Have you moved [again] Allyn ?


----------



## Allyn Loring

Before I confuse anyone I LIVE in New Hampshire ! My niece is interested in this hobby so I'm just doing a little inventory of fellow froggers to introduce her to!Shawn I've lived in the same place for over a decade you so ????My niece is in Berwick ,PA just to clarify .....................


----------



## ggazonas

Allyn Loring said:


> Before I confuse anyone I LIVE in New Hampshire ! My niece is interested in this hobby so I'm just doing a little inventory of fellow froggers to introduce her to!Shawn I've lived in the same place for over a decade you so ????My niece is in Berwick ,PA just to clarify .....................


I live in Jenkintown


----------



## Adven2er

I'm about 30 min. away. Swoyersville PA.


----------



## tommy2

I live in Allentown......


----------



## GBIII

I'm in Pottstown. I'm guessing 1 1/2 hrs away or so.


----------



## Zombie Frawg

I'm near Willow Grove.


----------



## d1rocchino

Allentown pa


----------



## Wug

Allentown here


----------



## Dinger

I'm in Pottstown.


----------



## yomamafat

Philly, PA....


----------



## EricB

I'm near Pittsburgh.


----------



## razorTsax

Hey all, just joined and I live in York, PA!


----------



## notEZbeingGREEN

I'm in Norristown,PA(20 miles north of Philly).
Anyone have p terribilis or bicolor froglets available?


----------



## kuvats

im 45 minutes south of erie


----------



## hostilesilence

i live in pittsburgh.. i wanna get a few more frogs for my terrarium


----------



## bradleyfreefall

I live in the Pittsburgh area...............

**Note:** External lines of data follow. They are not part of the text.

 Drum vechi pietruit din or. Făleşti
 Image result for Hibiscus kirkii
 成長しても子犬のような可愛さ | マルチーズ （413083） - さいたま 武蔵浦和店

I'm new to this site and i'm having PROBLEMS navigating it.

How do I put up a post if I am searching for a particular frog?
How do I get permission to post?

i'm also trying to meet other froggers in this area..........


----------



## Ed

bradleyfreefall said:


> I live in the Pittsburgh area...............
> 
> I'm new to this site and i'm having PROBLEMS navigating it.
> 
> How do I put up a post if I am searching for a particular frog?
> How do I get permission to post?
> 
> i'm also trying to meet other froggers in this area..........


Want and for sale ads require a minumum of 25 posts and a random period of time after the 25th post (days to weeks) to prevent people from spamming the forum just so they could post a for sale or wanted ad... You will get permission when you complete the criteria. 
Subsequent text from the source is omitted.